More than half of major clinical trials testing treatments for adult ADHD have not adequately tested whether participants actually have ADHD, raising serious concerns about the reliability of the evidence supporting current treatments. This new research european psychiatry.
Attention-deficit/hyperactivity disorder (ADHD) was originally described as a childhood condition defined by observable behaviors that parents and teachers could report, such as excessive running, difficulty sitting still, or constant interruptions. However, in recent decades, ADHD diagnoses in adults have skyrocketed. This proliferation has raised concerns among researchers and clinicians about whether diagnostic criteria originally designed for children are still fit for purpose when applied to adults.
This challenge is important. To receive a diagnosis, adults must reflect on and self-report their own internal experiences (such as feeling distracted or restless) and recall childhood behaviors that occurred decades ago. Many symptoms of ADHD in adults can also be caused by depression, trauma, anxiety, and other mental health conditions. Misdiagnosis can easily occur if these alternatives are not carefully excluded through a thorough differential psychiatric evaluation.
A research team led by Igor Studart systematically reviewed 292 randomized controlled trials (RCTs) in adult patients diagnosed with ADHD. RCTs are widely considered the “gold standard” of clinical research used to determine whether a treatment is effective. Researchers looked at how ADHD was diagnosed in each trial, who conducted the assessment, whether psychiatric comorbidities were included, and whether general mental health was assessed to rule out mimic symptoms.

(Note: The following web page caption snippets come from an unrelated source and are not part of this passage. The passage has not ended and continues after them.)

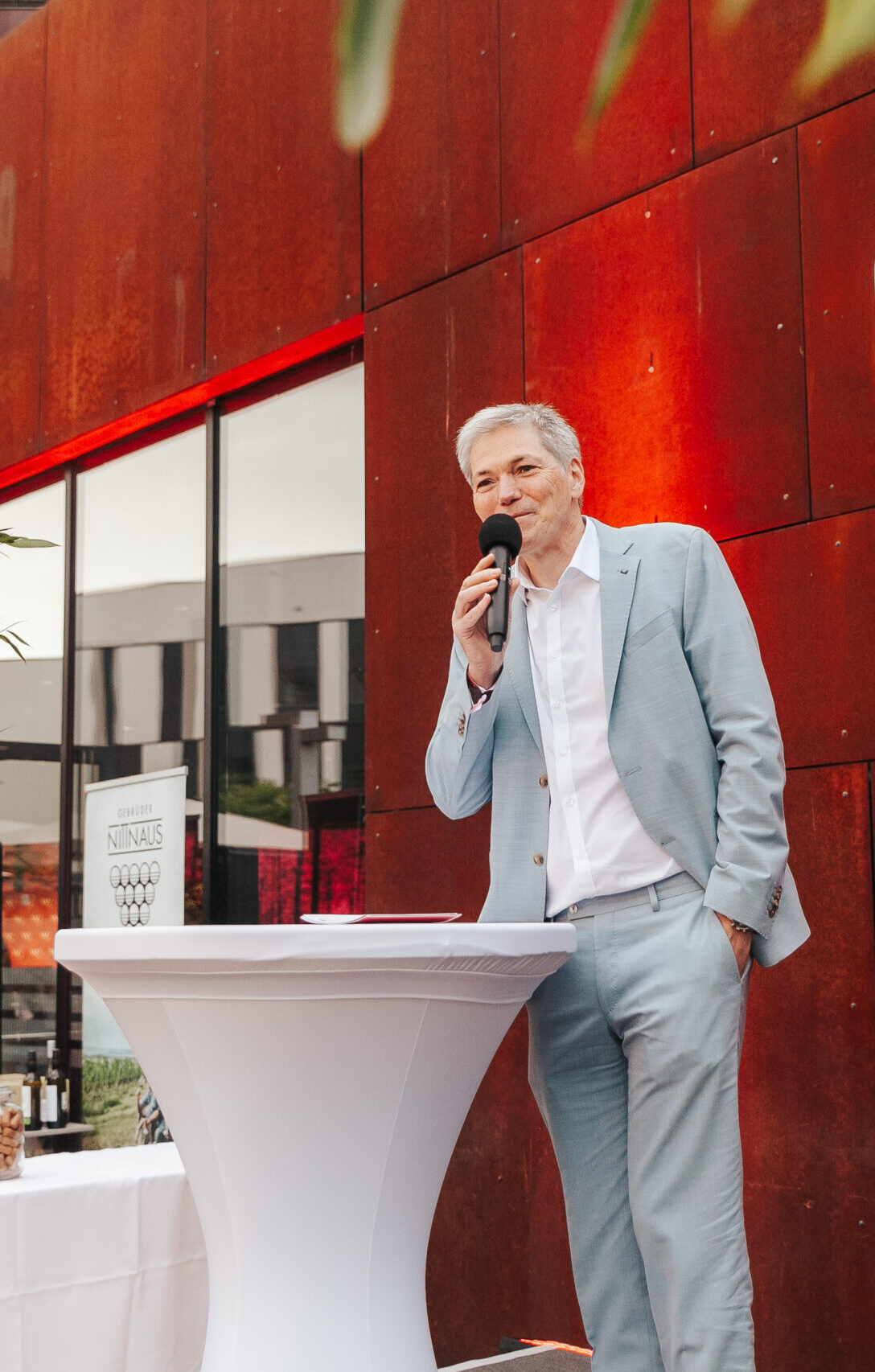 (c)PhilippLipiarski-2-11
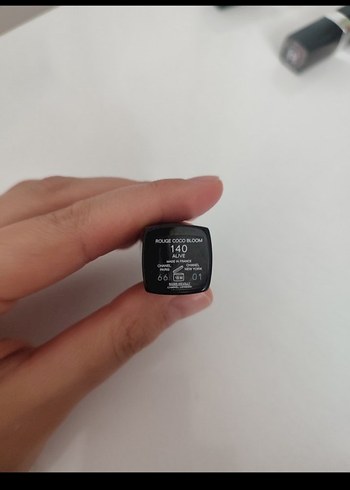Beden kırmızı Renk Chanel Rouge Coco Bloom 140 alive ruj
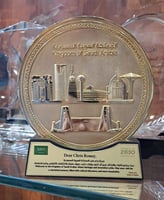 معالم المملكة لون ذهبي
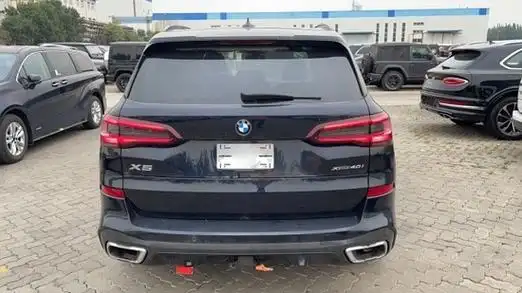 2022款宝马x5天津港现车优惠60余万起步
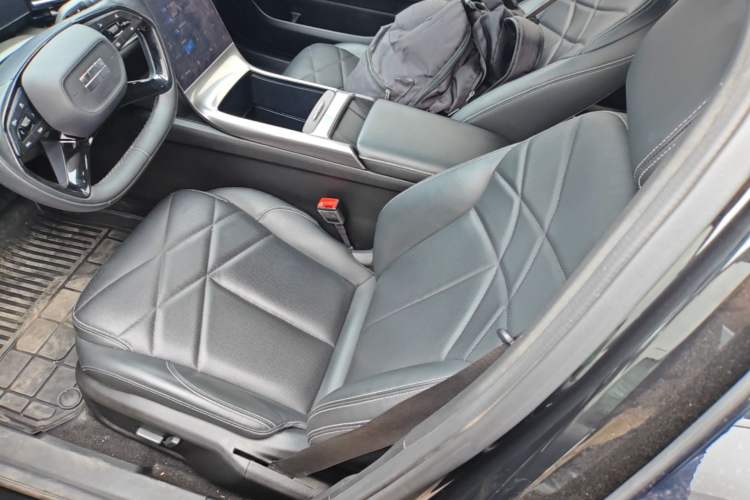 Used Geely Galaxy L6 2024 125km PLUS Dragon Edition Left Front Seat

The results were amazing. Overall, there was wide variation in the diagnostic methods used across trials. Approximately half of the studies (49.7%) diagnosed ADHD without formal evaluation of broader general psychopathology. This means the researchers had no systematic way to rule out the possibility that the participants’ difficulties with attention or hyperactivity were actually symptoms of depression, schizophrenia spectrum disorder, substance use, or another condition.
In 65% of studies, it was unclear who performed the diagnostic assessment or the assessment was not performed by a psychiatrist or psychologist. Instead, many trials relied on “trained raters,” self-rating scales, or computer-assisted evaluations, methods that increase the risk of diagnostic errors.
Additionally, more than half of the studies (53.8%) included participants with other psychiatric comorbidities. This is very problematic because clinical guidelines state that ADHD should not be diagnosed if the symptoms are better explained by another condition. Although more than 87% of studies claimed to adhere to this diagnostic hierarchy (which prioritizes excluding organic or severe mental disorders first), reviewers noted that it was virtually impossible for most researchers to verify this, as it omitted the general mental health assessment required for verification.
The authors concluded that these findings represent “an alarming shift in the common understanding of how psychiatric diagnoses should be assigned in research studies.”
He added: “Unless clinicians and researchers can rely on the fundamental fact that the patients who are the subject of scientific research are diagnostically similar to the patients with whom they are exposed, scientific research risks losing its clinical relevance.”
An important limitation of this review is that it searches only one database (PubMed) and focuses only on the diagnostic methods of the trials, rather than analyzing the actual results. Furthermore, many RCTs did not adequately describe diagnostic procedures, and categorizing these approaches required a degree of subjective judgment by reviewers.
The study, “Diagnosis of ADHD in Adults in Randomized Controlled Studies: A Scoping Review,” was authored by Igor Studart, Mads Gram Henriksen, and Julie Nordgaard.